Um diese Annahmen zu überprüfen, wurden in zwei Experimenten je 100 Versuchspersonen in fortlaufenden Durchgängen vor die Wahl zwischen einer leichten und einer schwierigen Aufgabe gestellt. Diese freiwilligen Wahlen wechselten sich zufällig mit vorgegebenen Aufgaben ab, u.a. um sicherzustellen, dass alle Versuchspersonen eine gewisse Übung mit beiden Aufgaben haben. Die Reaktionszeitdifferenz zwischen der leichten und schweren Aufgabe aus den vorgegebenen Aufgaben wurde als individuelles Mass für die objektiven Verhaltenskosten verwendet.

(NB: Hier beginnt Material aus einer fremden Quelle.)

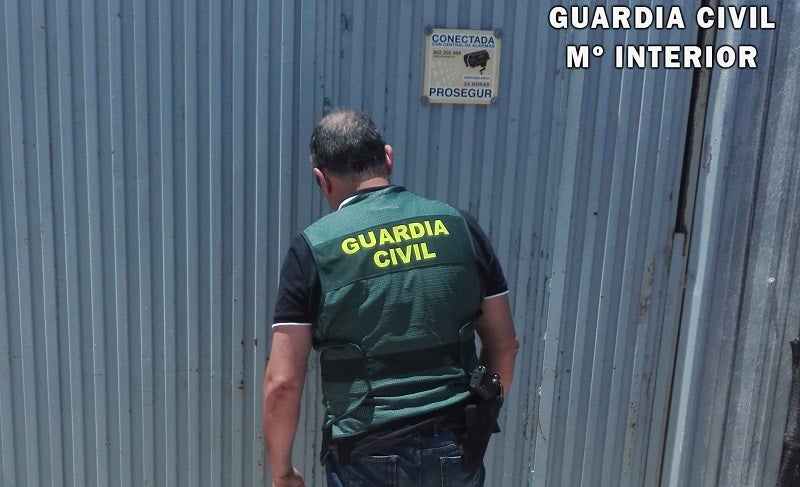 La Guardia Civil sorprende a dos individuos robando en una nave agrícola de La Mojonera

Zum Abschluss des Experiments wurden die Versuchspersonen dann mehrfach vor die Wahl gestellt, ob sie einen weiteren Aufgabenblock mit ausschliesslich schweren Aufgaben gegen eine Bezahlung von zwei Euro oder aber einen leichten Aufgabenblock für ein Euro durchführen möchten. Bei Entscheidung für den schweren Block wurde das Angebot für den leichten Block um fünfzig Cent erhöht, bei Entscheidung für den leichten Block um den gleichen Betrag herabgesetzt. Diese Entscheidung wurde mehrmals wiederholt (wobei die Angebote für den leichten Block um 25 Cent, 13 Cent, 6 Cent und schliesslich 3 Cent nach oben oder unten angepasst wurde) bis ein individueller Indifferenzpunkt erreicht war.

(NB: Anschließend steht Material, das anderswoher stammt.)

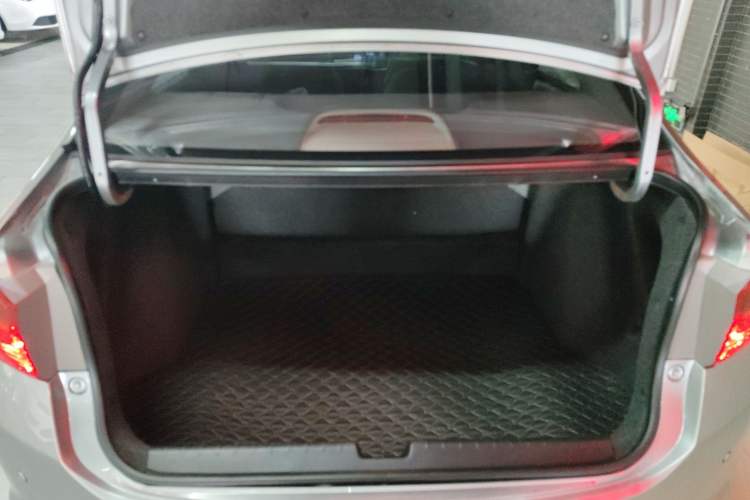 Used Honda City 2015 1.5L CVT Comfort Version Trunk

Die Differenz aus dem Gebot für den leichten Block und den zwei Euro für den schweren Block wurde als individuelles Mass für die subjektiven Anstrengungskosten berechnet. Das ist der Geldbetrag, auf den eine Versuchsperson bereit ist zu verzichten, um die schwere Aufgabe zu vermeiden.
In beiden Experimenten wurde gefunden, dass die objektiven Verhaltenskosten den freiwilligen Wechsel zur schweren Aufgabe massgeblich vorhersagten (je geringer die Kosten, desto höher die Wechselrate zur schweren Aufgabe) wohingegen die subjektiven Kosten nur im zweiten Experiment einen kleinen Anteil der Varianz aufklärten.

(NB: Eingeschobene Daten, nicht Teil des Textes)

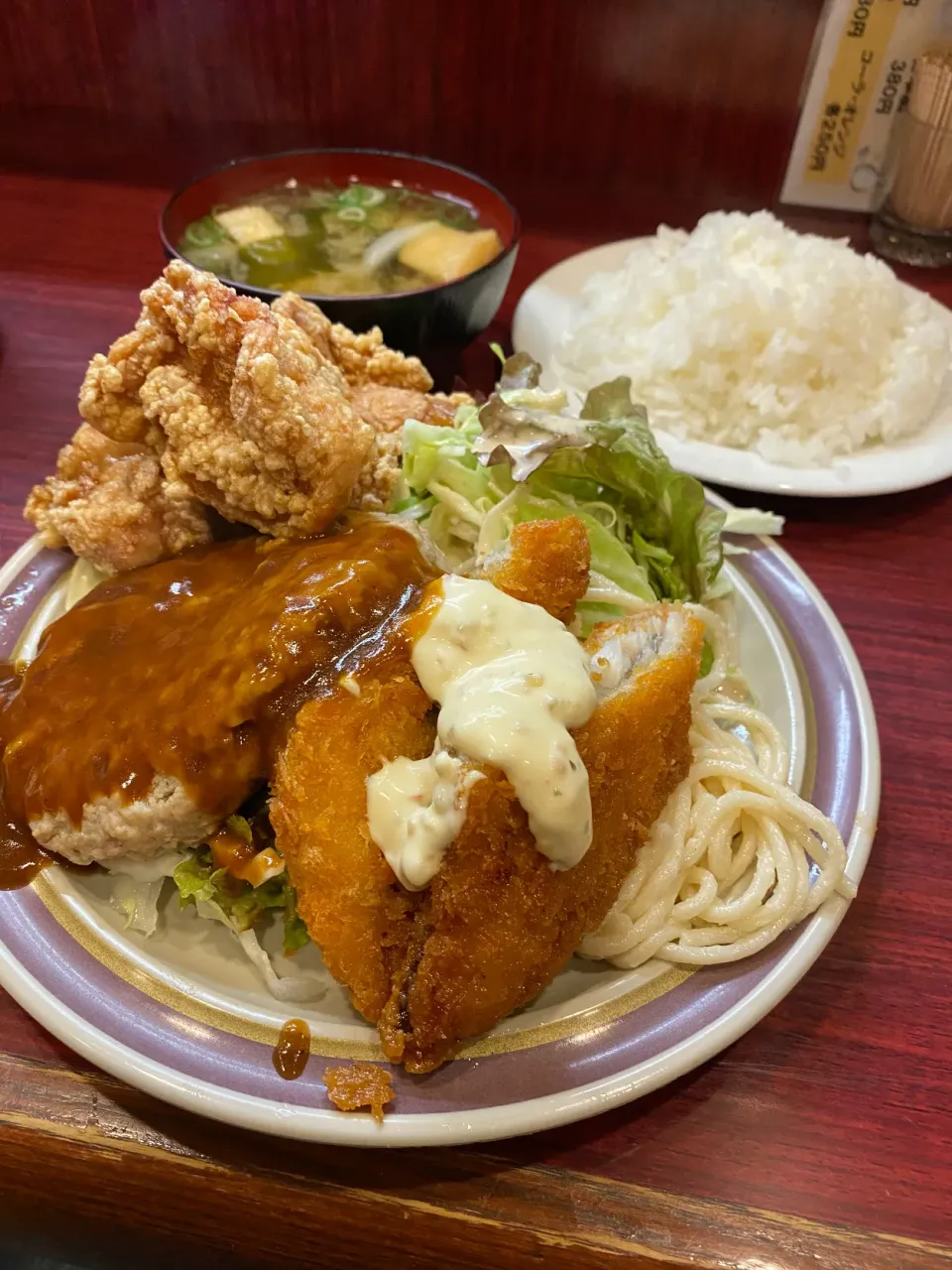 兵庫県神戸市兵庫区　炉端レストランボアの日替わりランチ|タカちゃんさん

Die Ergebnisse unterstützen also die Annahme, dass aus beobachtetem Verhalten nicht notwendigerweise auf die der Handlung zugrundeliegende Anstrengung geschlossen werden kann. Die Entscheidung für eine schwierige Handlung kann demnach zum Teil mit den objektiv geringen Handlungskosten erklärt werden.
Was auf den ersten Blick trivial erscheint, spielt im Alltag eine wichtige Rolle, wenn etwa aus beobachtetem Verhalten auf Kontrolle und Selbstdisziplin von Menschen geschlossen wird. Aus kognitions- und neurowissenschaftlicher Sicht werfen die Ergebnisse die interessante Frage auf, wie genau die Verhaltenskosten internal berechnet und in die Handlungsauswahl einbezogen werden.